Data provided:
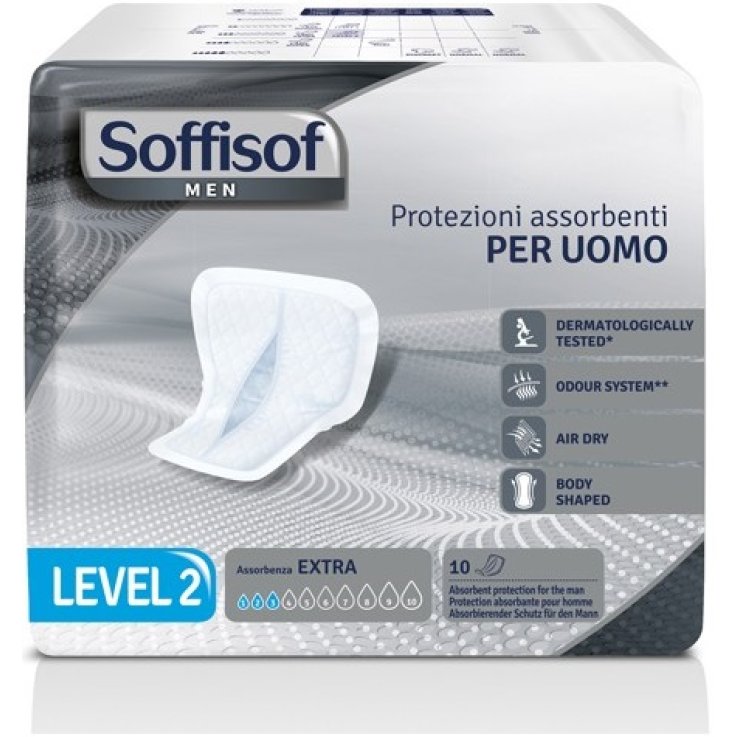 Soffisof Men Level 2 10pz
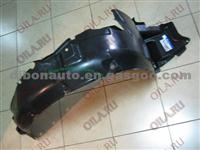 HYUNDAI ACCENT 2000-2003 INNER FENDER GUARD LINER RH FRONT OEM 86812-25000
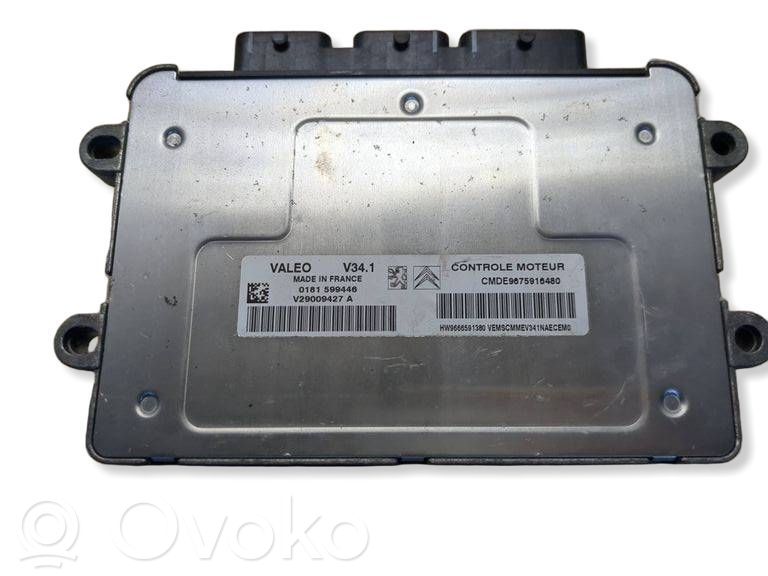 Citroen C3 Engine control unit/module 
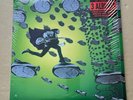 Joe SATRIANI Time machine RARE EU Orig 3LP set RELATIVITY (1993) in shrink NMINT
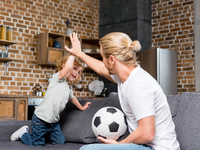 Как воспитать настоящего мужчину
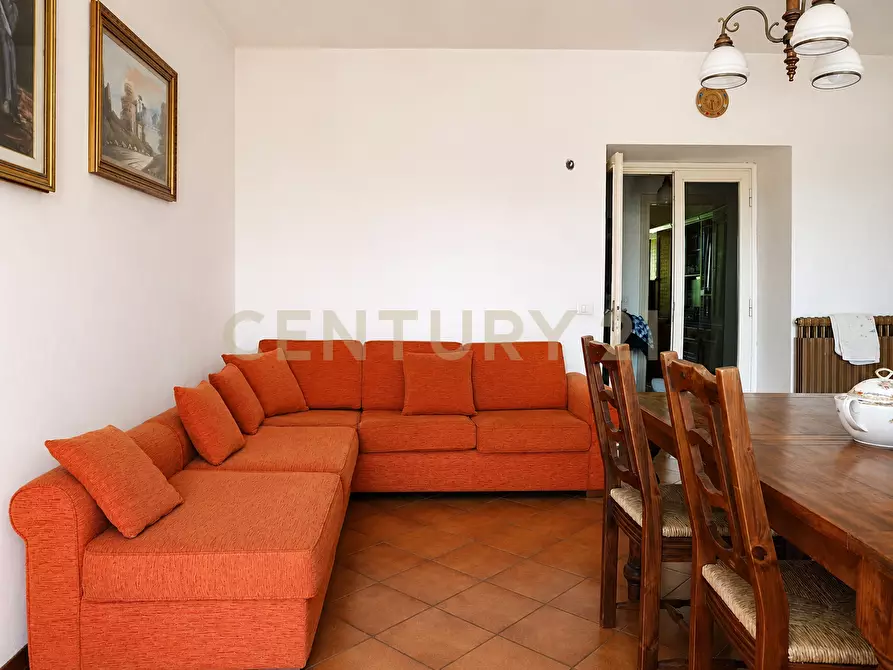 Immagine 2 di Loft/Open space in vendita  in Via XVIII Giugno a Abbadia San Salvatore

Action item:
Without including any pictures, print each record exactly.

Task solution:
 Soffisof Men Level 2 10pz
 HYUNDAI ACCENT 2000-2003 INNER FENDER GUARD LINER RH FRONT OEM 86812-25000
 Citroen C3 Engine control unit/module 
 Joe SATRIANI Time machine RARE EU Orig 3LP set RELATIVITY (1993) in shrink NMINT
 Как воспитать настоящего мужчину
 Immagine 2 di Loft/Open space in vendita  in Via XVIII Giugno a Abbadia San Salvatore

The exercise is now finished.